I had managed to get myself into the road called Black Gate which was rather unimaginatively named for the Black Gate of the Castle which gives the city it’s name. It was built between 1247 and 1250 which is Henry III vintage so it is going back a bit although there have been numerous additions over the centuries from the original functional defensive structure. You can visit the Castle but I didn’t bother as, to be honest, I fancied a bit more exploring.

I’ll get there later on.

I didn’t have far to go for my next “find” although you could hardly describe it as such for it is hard to miss a bloody great bridge, in this case the High Level Bridge. With a great effort of will I took a quick snap of the lovely looking Bridge Hotel and didn’t go in! That situation was to be rectified later in the trip so I’ll leave the history of the place until then.

More bridges!

If my walking past an open pub was a demonstration of willpower it was nothing to that I had to exhibit next. It is not called the High Level Bridge for nothing, it is a very long way down and I really do not like heights. What persuaded me was that I knew if I braved it that I could probably get some decent images of the other bridges. Again, I am only going to bore you with one of the images and put the rest in the gallery I shall post later. Despite my absolute terror, I think they were worth it, the sun was more or less shining, the river was flat calm giving some lovely reflections and whilst they were not Terence Donovan I was happy with them.

A Geordie pub shut in the daytime?

Retreating sharply from the bridge I retraced my steps past the Castle Keep and Castle Garth, again resisting the temptation to go in for a look. I really must do that next time. I was just about ready for another drink now and the Empress Bar came in sight but it was surprisingly not open until the evening. Paul later told me that it wasn’t much of a boozer anyway so it probably wasn’t too much of a loss and investigating it led me to the next point of interest which, as the image shows, is the oddly named Amen Corner.

I know a band of that name.

Readers of a certain age will immediately associate this with a moderately successful 1960’s pop group featuring Andy Fairweather Low, who is till touring at the age of 71 and Blue Weaver, also still active in the music business at 72 after stints with Strawbs, the Bee Gees and Mott the Hoople amongst others. I wondered if the band were from here but a quick bit of research gave the lie to that notion as the band was named after an event in a Cardiff night club.

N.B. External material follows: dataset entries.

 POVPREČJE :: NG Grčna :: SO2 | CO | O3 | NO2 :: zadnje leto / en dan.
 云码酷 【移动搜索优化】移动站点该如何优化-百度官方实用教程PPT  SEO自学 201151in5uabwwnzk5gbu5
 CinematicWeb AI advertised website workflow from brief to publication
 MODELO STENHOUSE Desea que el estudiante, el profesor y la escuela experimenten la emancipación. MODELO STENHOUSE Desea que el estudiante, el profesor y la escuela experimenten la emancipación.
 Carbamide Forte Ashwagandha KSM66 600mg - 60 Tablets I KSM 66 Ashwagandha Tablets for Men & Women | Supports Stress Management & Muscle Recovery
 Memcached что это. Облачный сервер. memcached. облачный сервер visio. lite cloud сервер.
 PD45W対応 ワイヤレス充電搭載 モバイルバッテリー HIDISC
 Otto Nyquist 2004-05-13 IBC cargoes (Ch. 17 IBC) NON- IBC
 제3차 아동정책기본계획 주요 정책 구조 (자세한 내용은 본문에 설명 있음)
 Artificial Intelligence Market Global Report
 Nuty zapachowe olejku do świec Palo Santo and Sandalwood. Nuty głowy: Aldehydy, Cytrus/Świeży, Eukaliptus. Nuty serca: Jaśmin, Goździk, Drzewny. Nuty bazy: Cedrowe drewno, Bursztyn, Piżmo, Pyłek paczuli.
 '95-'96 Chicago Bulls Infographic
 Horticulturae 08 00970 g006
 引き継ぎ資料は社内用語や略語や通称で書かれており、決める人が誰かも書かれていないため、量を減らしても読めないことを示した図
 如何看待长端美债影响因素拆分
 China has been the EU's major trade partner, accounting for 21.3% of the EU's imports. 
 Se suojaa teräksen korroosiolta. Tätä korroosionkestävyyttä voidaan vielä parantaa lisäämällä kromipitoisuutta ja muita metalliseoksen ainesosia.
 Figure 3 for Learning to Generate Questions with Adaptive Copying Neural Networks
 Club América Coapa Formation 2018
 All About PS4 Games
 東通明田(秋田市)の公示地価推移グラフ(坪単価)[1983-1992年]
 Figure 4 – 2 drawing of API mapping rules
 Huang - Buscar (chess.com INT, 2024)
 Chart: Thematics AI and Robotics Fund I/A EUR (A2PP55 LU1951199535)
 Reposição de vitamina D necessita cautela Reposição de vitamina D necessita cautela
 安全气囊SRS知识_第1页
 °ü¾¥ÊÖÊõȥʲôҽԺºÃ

It also led me to discover that there are Amen Corners all over the place including the City of London which I thought I knew pretty well and lying off a street I know for a fact I have walked along often. I have never seen Amen Corner on that street but I’ll be looking for it now. The name itself and the fact that the two locations in Newcastle and London are close to St.Nicholas’ and St. Paul’s Cathedrals respectively, might explain it. It appears the clergy in nearby St.Nicholas Church were in the habit of processing round the grounds praying and this is where they finished up, hence the Amen.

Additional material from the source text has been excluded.